The Presence and the Absence of the Holocaust in Contemporary Jewish American Literature: The Particularist and the Universalist Path in Addressing the Legacy of this European Disaster
Summary
This thesis focuses on the approach of the Holocaust in contemporary Jewish American literature. It explores the distinction made by literary scholar Alan L. Berger’s between “universalism” and “particularism” as the two main paths contemporary Jewish American writers take in approaching the Holocaust and its aftermath in their fiction. In this thesis, the work of authors Melvin Jules Bukiet, Thane Rosenbaum, Rachel Kadish, and Nathan Englander is analysed.

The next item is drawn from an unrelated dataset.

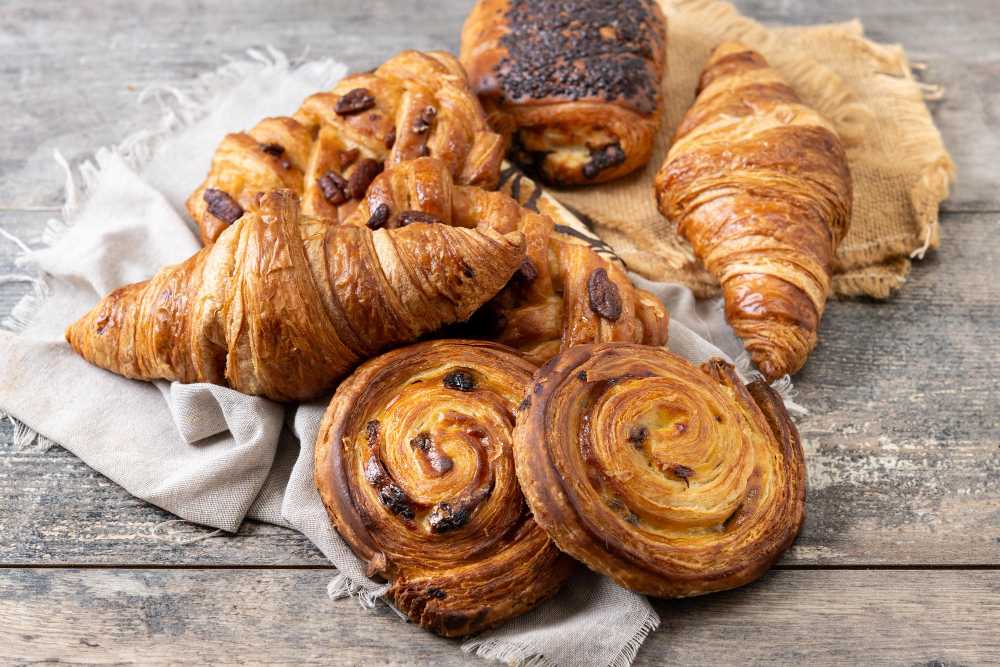 Viennoiseries maison artisanales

The first section discusses theoretical notions such as Marianne Hirsch’s “postmemory” and Dominick LaCapra’s “the ethnics of empathy”. Subsequently, this terminology is used to discuss the theme of memory in regard to the Holocaust in Bukiet’s “Himmler’s Chickens” (1995) and Kadish’s “The Argument” (2003). The second section analyses short stories which deal as a prism through which to view experiences of deportation and discusses Rosenbaum’s “Cattle Car Complexes” (1999) and Englander’s “The Tumblers” (1999). The final section brings the analyses of Bukiet’s and Rosenbaum’s stories, which have a more particularist view, and Kadish’s and Englander’s stories, which have a more universalist focus, together and draw a conclusion. Based on this conclusion, the final section provides insight in the strong presence of the Holocaust in contemporary Jewish American literature.